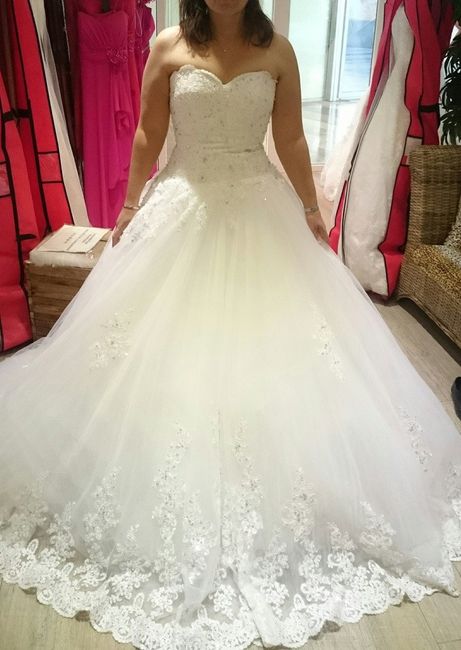 Robe de mariée autour de Montpellier 2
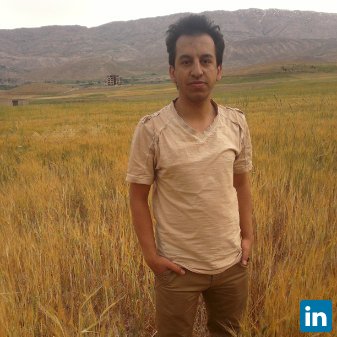 Iman Fazeli, Soil Hydrology at Shahrekord University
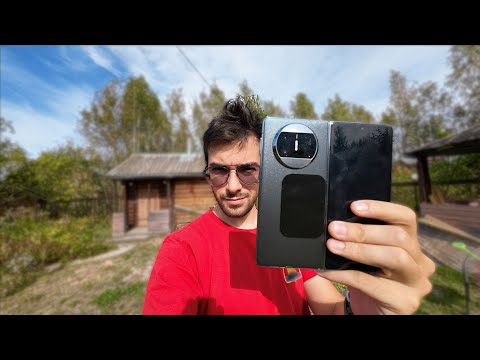 Видео: Huawei Mate X3 первое впечатление и сравнение с Mix 3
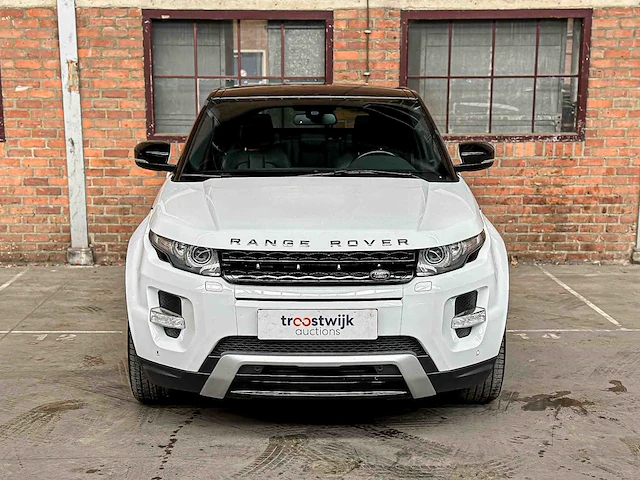 Land rover range rover evoque 2.0 si 4wd sicilian yellow 241pk 2013, n-667-dv - afbeelding 34 van  52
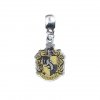 Zawieszka Charm Hufflepuff - Harry Potter (posrebrzane)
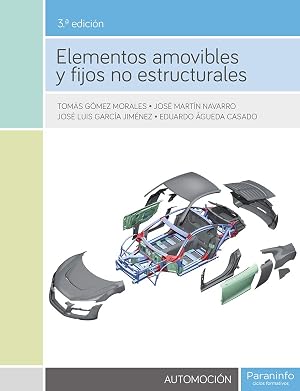 Elementos amovibles y fijos no estructurales 3.&ordf; ed. 2016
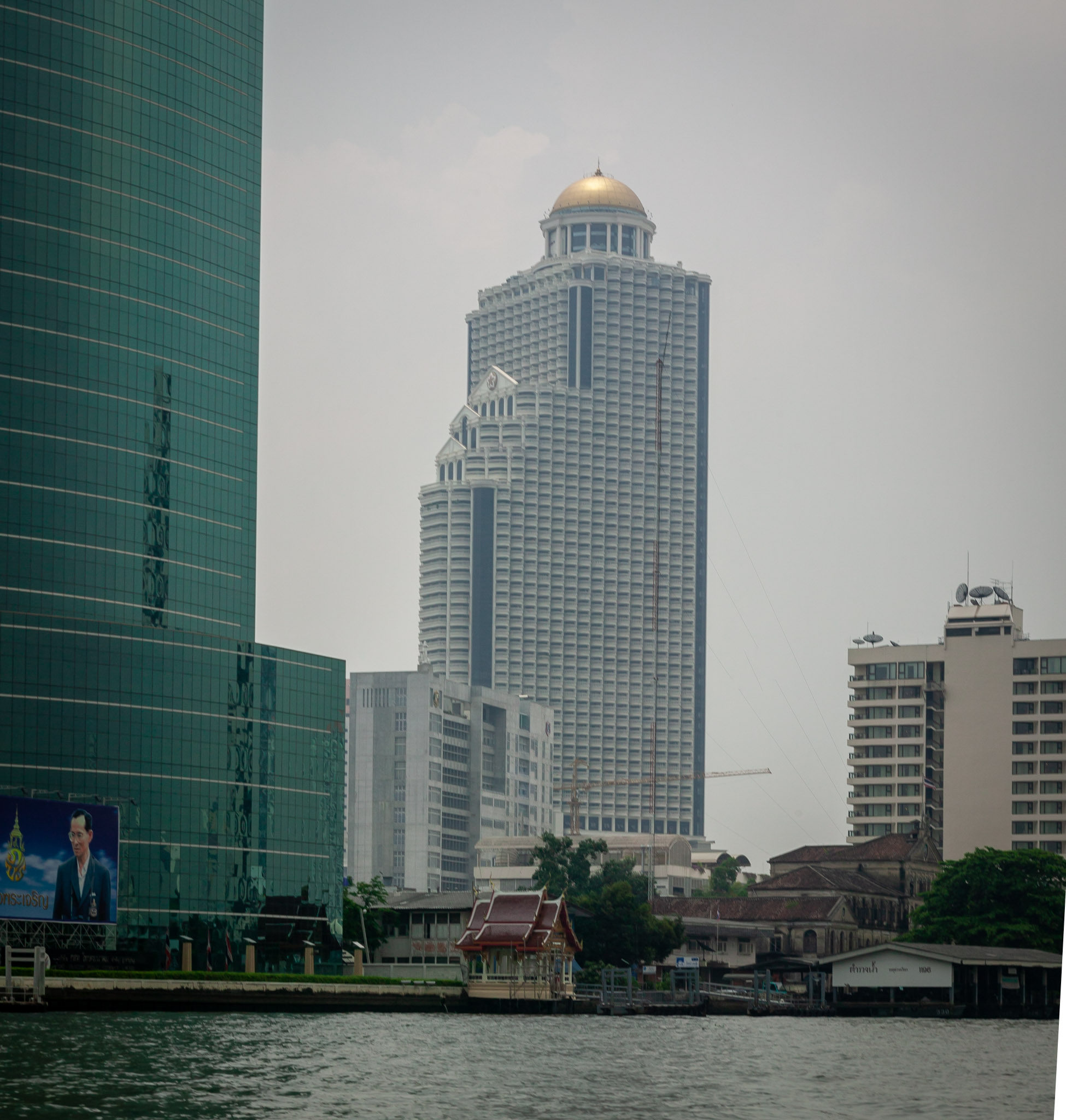 Bangkok's skyine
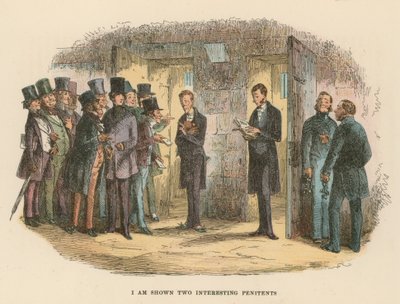 Illustrazione per David Copperfield da Hablot Knight Browne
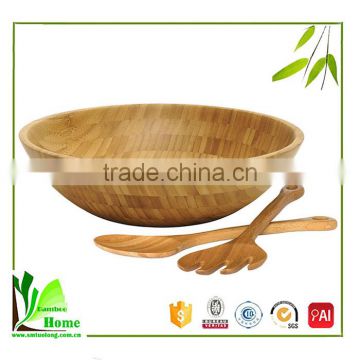 Universal high quality bamboo chinese bowl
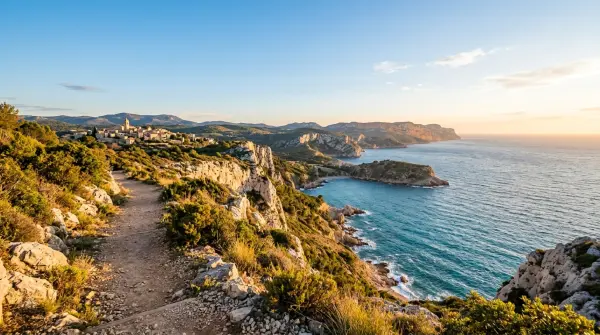 Rando célibataires — Noves entre histoire et paysages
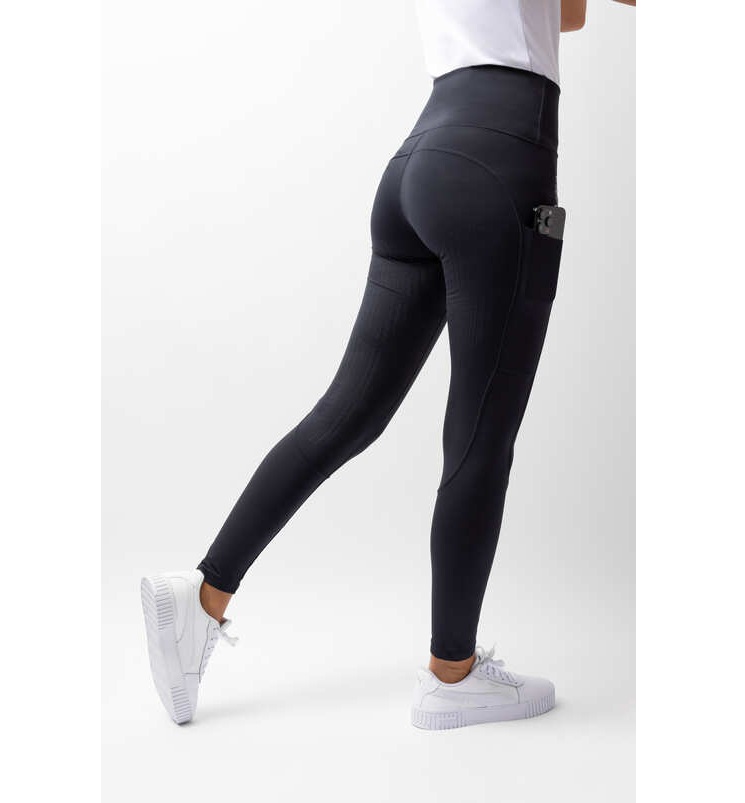 B Vertigo Lara Women's High Waist Full Seat Tights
______________________________
* **Task directions**: Without including any picture, copy the listing above exactly and in full.

* **Output below**:
 Robe de mariée autour de Montpellier 2
 Iman Fazeli, Soil Hydrology at Shahrekord University
 Видео: Huawei Mate X3 первое впечатление и сравнение с Mix 3
 Land rover range rover evoque 2.0 si 4wd sicilian yellow 241pk 2013, n-667-dv - afbeelding 34 van  52
 Zawieszka Charm Hufflepuff - Harry Potter (posrebrzane)
 Elementos amovibles y fijos no estructurales 3.&ordf; ed. 2016
 Bangkok's skyine
 Illustrazione per David Copperfield da Hablot Knight Browne
 Universal high quality bamboo chinese bowl
 Rando célibataires — Noves entre histoire et paysages
 B Vertigo Lara Women's High Waist Full Seat Tights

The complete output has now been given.